Let’s just move quickly on from the fact that none of them is, in the historical or actual sense of the word, a housewife.

No one’s struggling with toddlers or the washing basket; they’re hooking up for lunch in sequin dresses and taking rides around town in limos.

But this isn’t reality television. It’s fabricated, one step removed from The Truman Show, because none of these carefully handpicked women are running into each other at Costco.

Someone’s orchestrating all their champagne lunches and limo rides, primarily, it would appear, so they can cat fight with each other.

It’s nasty stuff, really, but no fault of the stars. Each of these women is smart and sassy and probably great fun to have a champers with, but one can also assume they were selected because the producers suspected there might be stuff about them the audience would find annoying.

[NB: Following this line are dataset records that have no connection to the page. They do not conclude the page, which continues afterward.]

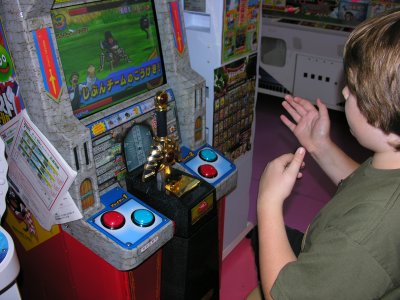 Yeah we hit a Sega arcade.Brendon loved games like this one which dispense a character card which can then be used in game play.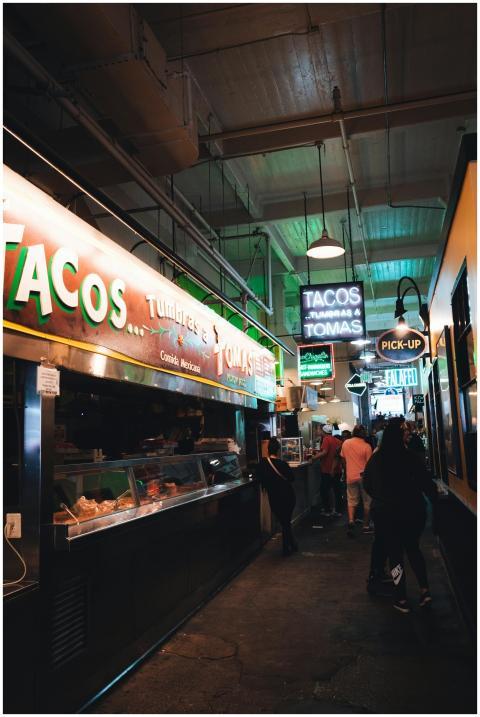 Indoor market scene with taco stalls and neon ligh
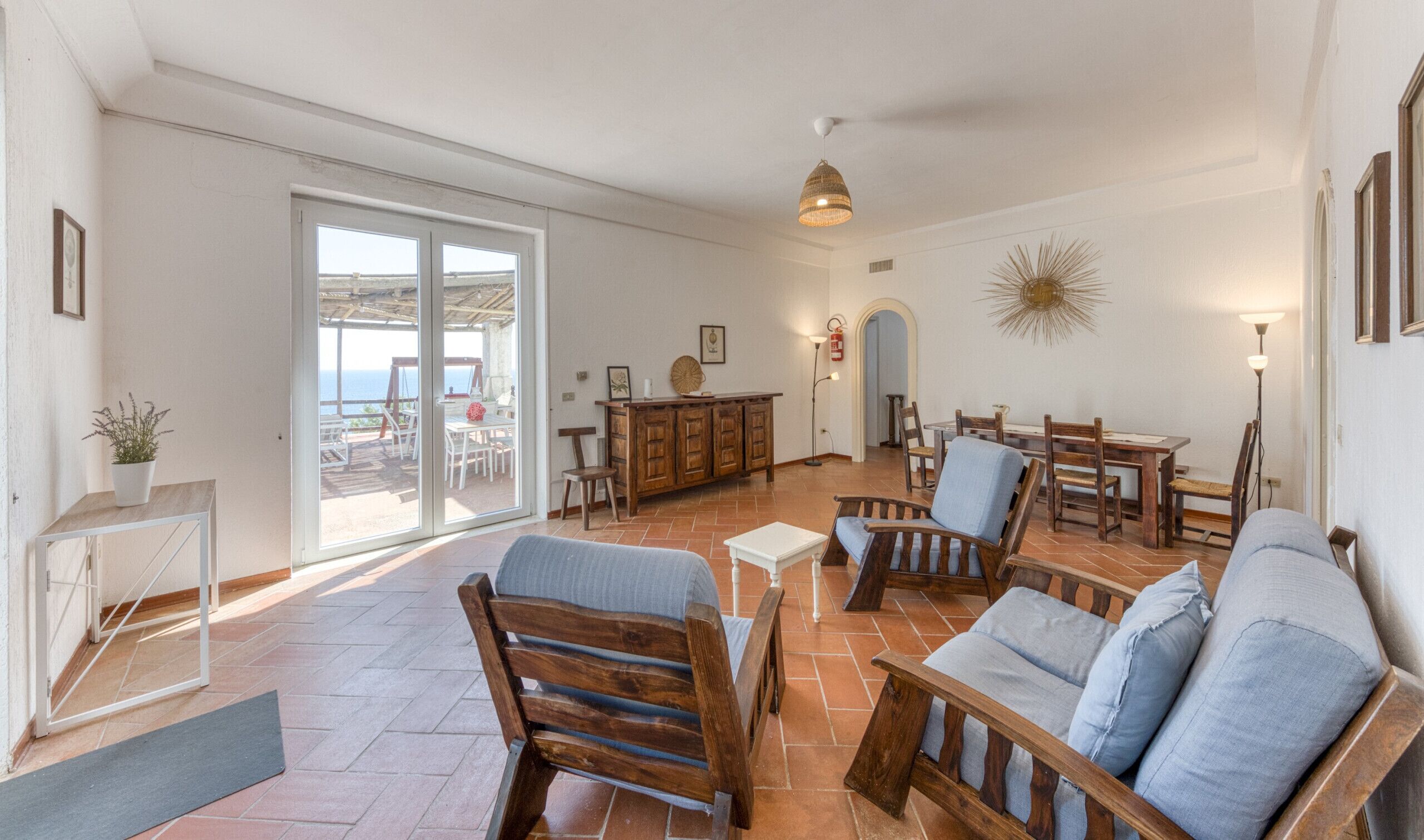 Un vaste espace de vie avec une grande porte-fenêtre coulissante donnant sur un patio extérieur, des meubles en bois et un luminaire suspendu au plafond.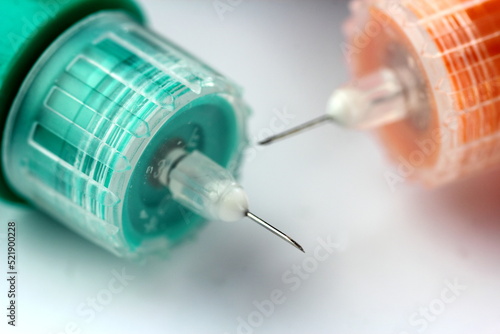 Фотография Close up of hypodermic medical needles used for varius medical drugs
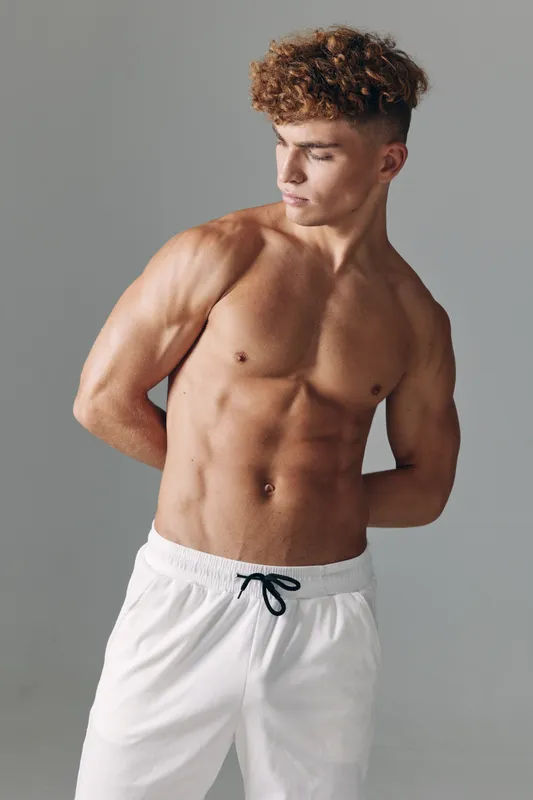 Young muscular man standing shirtless with white pants on gray background showing athletic body and defined muscles with curly hair and pleasant facial expression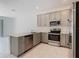 Modern kitchen featuring stainless steel appliances, grey cabinets, and a center island at 7685 Stone Creek Trl, Kissimmee, FL 34747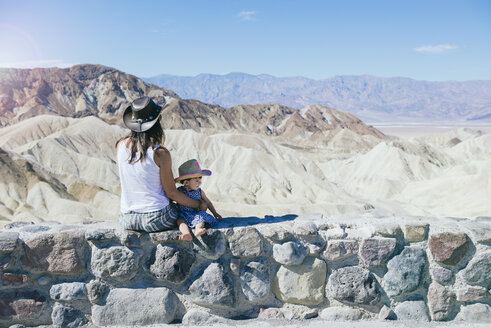 USA, Kalifornien, Death Valley National Park, Twenty Mule Team Canyon, Mutter und kleines Mädchen sitzen an der Wand - GEMF02847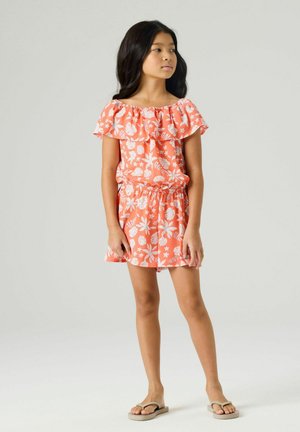 Pige, der står iført en koralrød off-shoulder kjole med hvid blomstret print og beige flip-flops, kigger til siden mod en ensartet baggrund.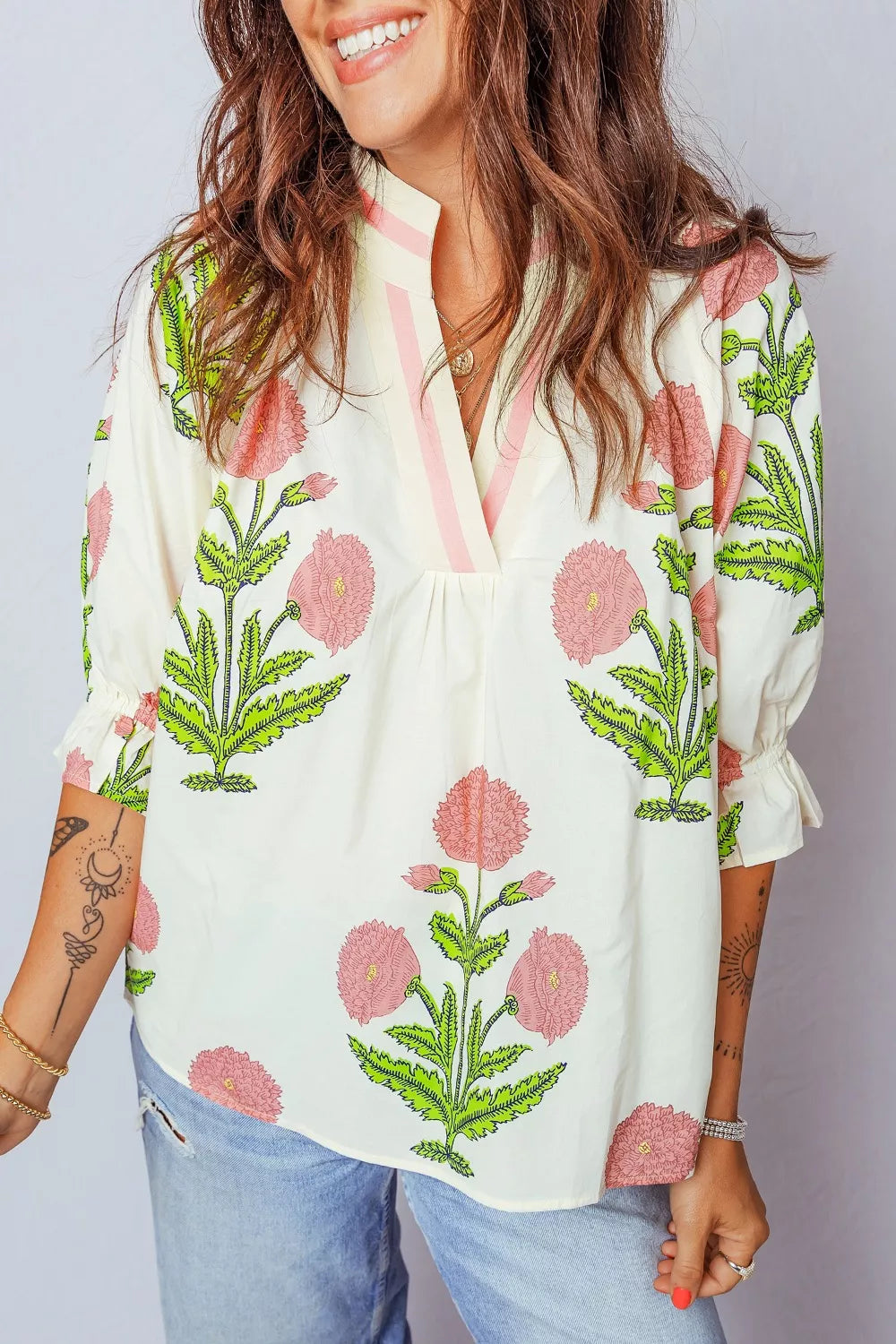 Cream cotton blouse with pink floral print, ruffled sleeves, and notched neckline.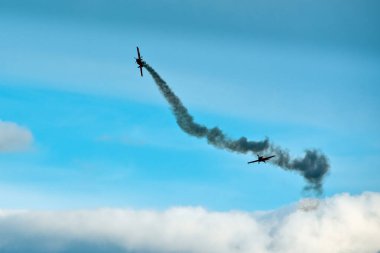 Hava gösterisi sırasında mavi bulutlu gökyüzünde iki uçak.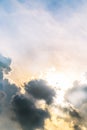 Beautiful evening skyscape. Sun`s rays shine through hole in black clouds after rain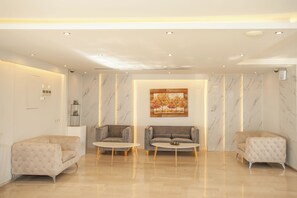 Eine moderne Lobby mit Marmorwänden, zwei Sofas, einem Couchtisch und eingelassener Beleuchtung.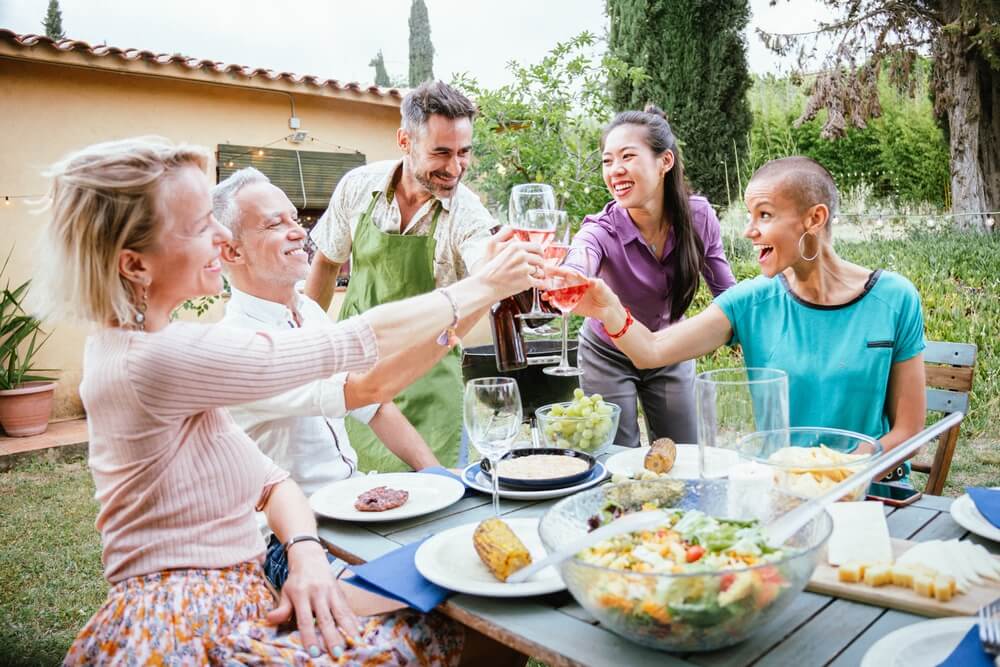 Várias pessoas ao redor de uma mesa, brindando com vinho. Elas parecem estar contentes e estão na área de uma casa, em meio a um jardim.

I’m not seeing all that much posh either, which should be irrelevant except that this global television franchise has been established on the premise that rich housewives with nothing to do all day but have lunch and spend money can be entertaining, albeit in a hateful sort of way, for normal television-watching people.

But the real old money in Melbourne would never expose itself on television. This bunch is the showbiz, hard-working end of the spectrum.

They are clever, they run businesses and families, and I’m absolutely sure there’s more below the surface of big hair and spectacular make-up for the producers to reveal about their lives.

Surely there’s more than the ins and outs of who told someone whether or not the other one said the fortune teller was wrong. (Fancy that, a fortune teller being wrong. How very dare they!)

I don’t mind how these women live their lives. In fact, I think it would be a riot colour-coding my wardrobe and dragging my husband away from work so he can buy me a dress.

But, ladies, you have a TV show. Make it worthwhile. Say something, anything, to make a difference. Don’t let the producers reduce your lives, and reflect badly on all of ours, by spending the entire series party-planning and back-stabbing.

At this stage I’m thinking there’d be more fun to be had watching the Real Housewives of East Bentleigh or Reservoir or Geelong West.

Actually, in my patch, there wouldn’t be a lot of competitive party-throwing or back-stabbing, just coffee and compliments for whoever can put together the best outfit from the op shop and tally up a good energy credit from their solar panels. I guess that’s not good TV, though.

Dr Phil and his bunch of mixed-up American housewives with phobias are looking much more interesting to me right now.